Trouble for cradle of social welfare state policies

Germany, whose welfare state model inspired the "progressive" movement of which Obama and the American Left are so enamored, is in deep economic trouble. The new "poverty atlas," reported yesterday by Time/CNN, reveals that Germany is an economic failure even by "social welfare" standards - poverty is deep and widespread and economic inequality is pervasive. What's more shocking, the reported is based on data taken before the recession hit.

According to the report:

... in eastern Germany, for example, the average poverty rate is around 20%, with up to 27% of people in one area, Vorpommern, living below the poverty line. By contrast, in southern Germany, in the states of Hesse, Baden-Württemberg and Bavaria, the poverty rate is around 11%. ...

Chancellor Angela Merkel's home state, Mecklenburg-Vorpommern, is the poorest region in Germany with a 24% poverty rate; one of the richest is the picture-postcard pretty Black Forest region, with a poverty rate of only 7.4%. According to the report, the massive gulf between rich and poor doesn't only exist between regions, but within them, too. The northern areas of the state of Bavaria have a poverty rate of 15%, more than double the 7% rate in Munich, in southern Bavaria. ...

The authors of the report conclude that Germany is a "deeply divided country in terms of income and wealth."  This in the country that gave birth, thanks to Otto von Bismarck, to the cradle-to-grave model of social welfarism, thought to be the "third way" between capitalism and socialism.

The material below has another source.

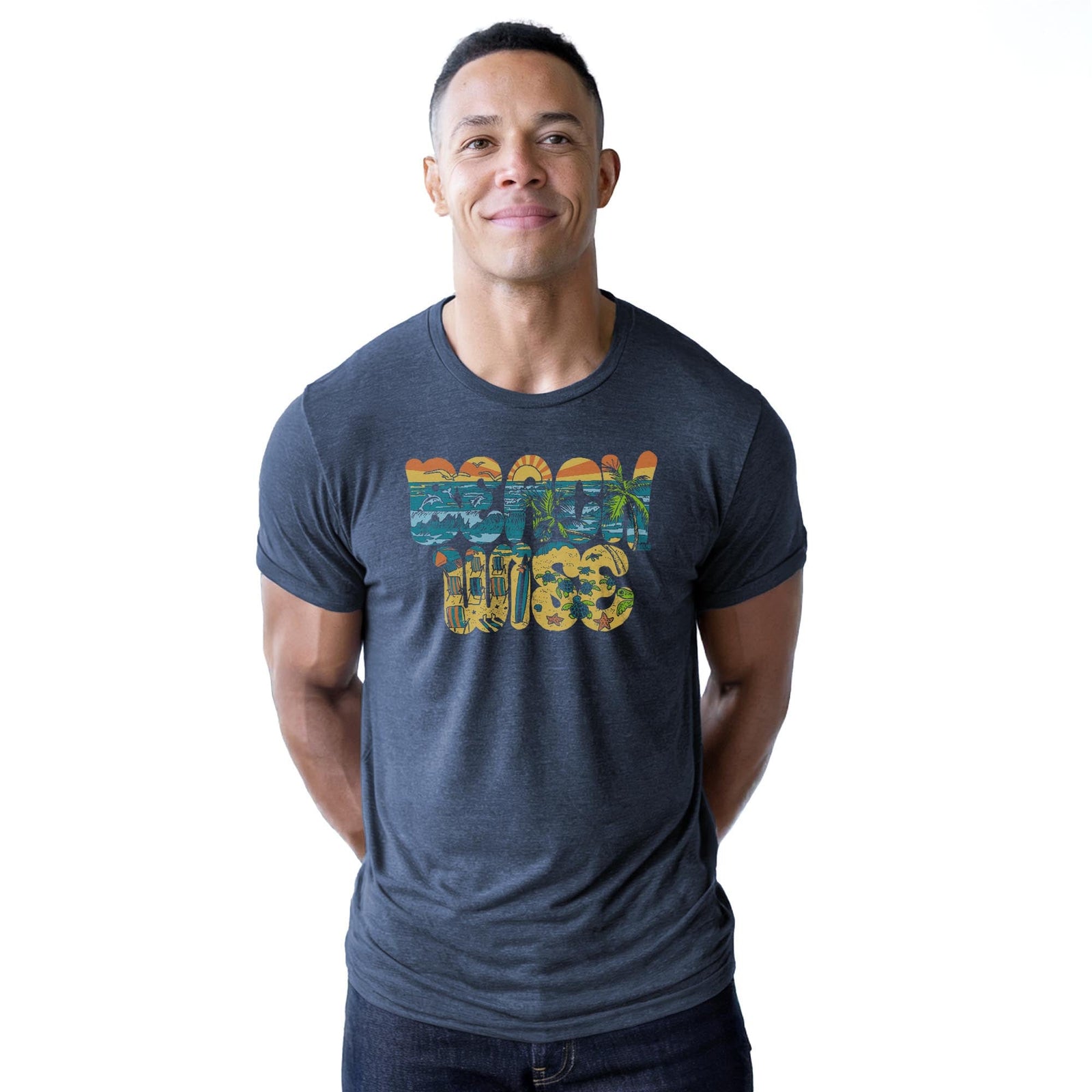Beach Wise Cool Staple T-shirt in Navy Heather On Model - Front View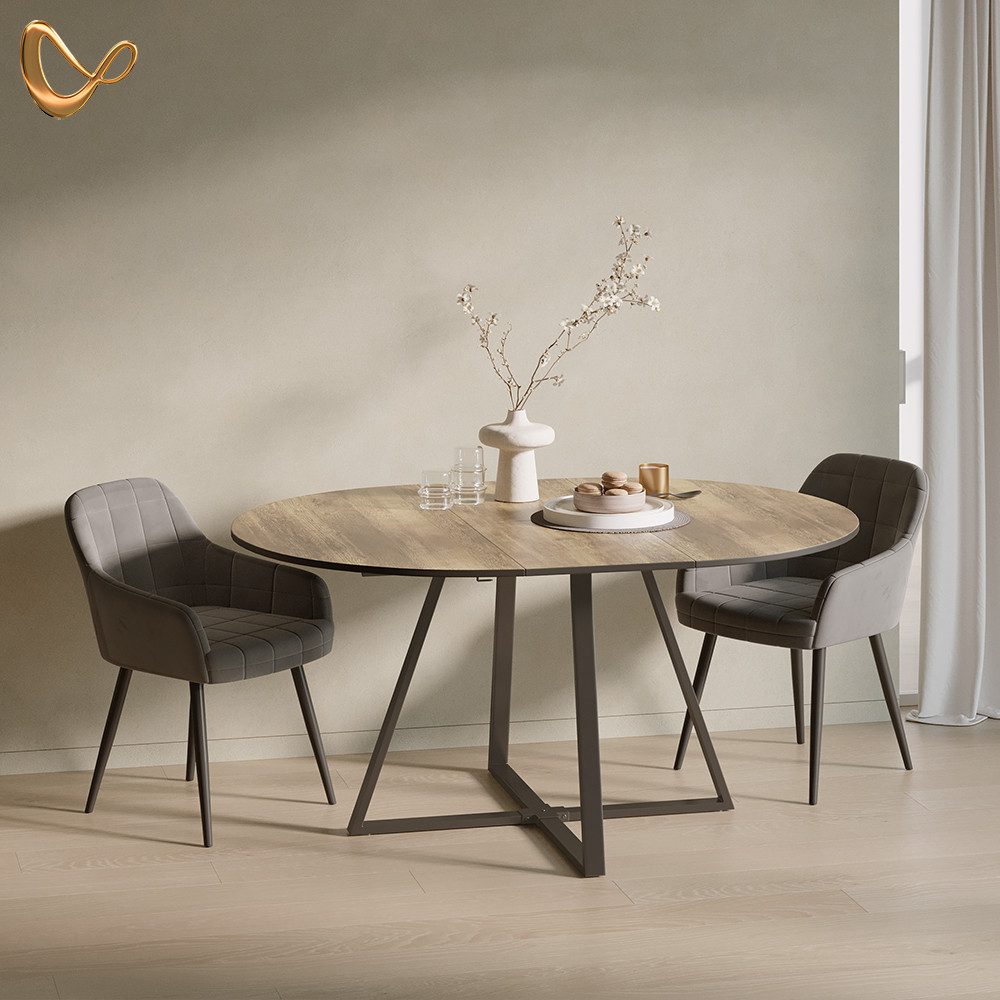 Livinity® Esstisch Firenze, Eiche rustikal/Schwarz, 120 x 120 cm ausziehbar (1-St)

Of course, dreams die hard. The reports authors say that "targeted measures" are needed to tackle poverty and unemployment, "but they admit there's no magic bullet."

They may want to look to their own past. The German post-war boom, referred to as the German "economic miracle," was due in large part to free market measures undertaken by Ludwig Erhard. Erhard was Bavarian minister of finance in 1945 and later became the director of the bizonal Office of Economic Opportunity and, in that capacity, advised U.S. General Lucius D. Clay, military governor of the U.S. zone. Erhard's policies of currency reform, decontrol of prices, and across the board tax cuts led to astounding growth in the West German economy. Because of Erhard's success, the first chancellor of the new Federal Republic of Germany, Konrad Anedauer, appointed Erhard as Germany's first minister of economic affairs, a post he held until 1963.

Hans Hermann-Hoppe, associate professor of economics at the University of Nevada Las  Vegas, writing in The Review of Austrian Economics, Vol. 5, No. 2 (1991), noted that Erhard, whose economic philosophy had been influenced by the Austrian school of Ludwig von Mises, initiated a hard money policy combined with tax cuts and free market reforms:

[C]ontrary to the advice of American and British economic experts, who were taken completely by surprise, and against the prevailing public opinion in Germany ... Erhard implemented a radical - although by no means flawless - free-market reform.... [F]oreign experts and German public opinion had favored a policy of macro-economic management, of socialized investment, and a sector of nationalized 'basic' industries. Instead, with one stroke Erhard abolished almost all price and wage controls and allowed almost complete freedom of movement, trade and occupation, thus radically expanding the rights of private-property owners.

The German economic miracle effectively ended in the 1970s with the oil embargo, and never really resumed. Government policies drifted further Leftward, toward socialism and welfarism, with cradle-to-grave social policies and an inflexible labor market. It is now sinking under the weight of record debt.

Germany desperately needs the return of the free market policies of Ludwig Erhard. And so do we.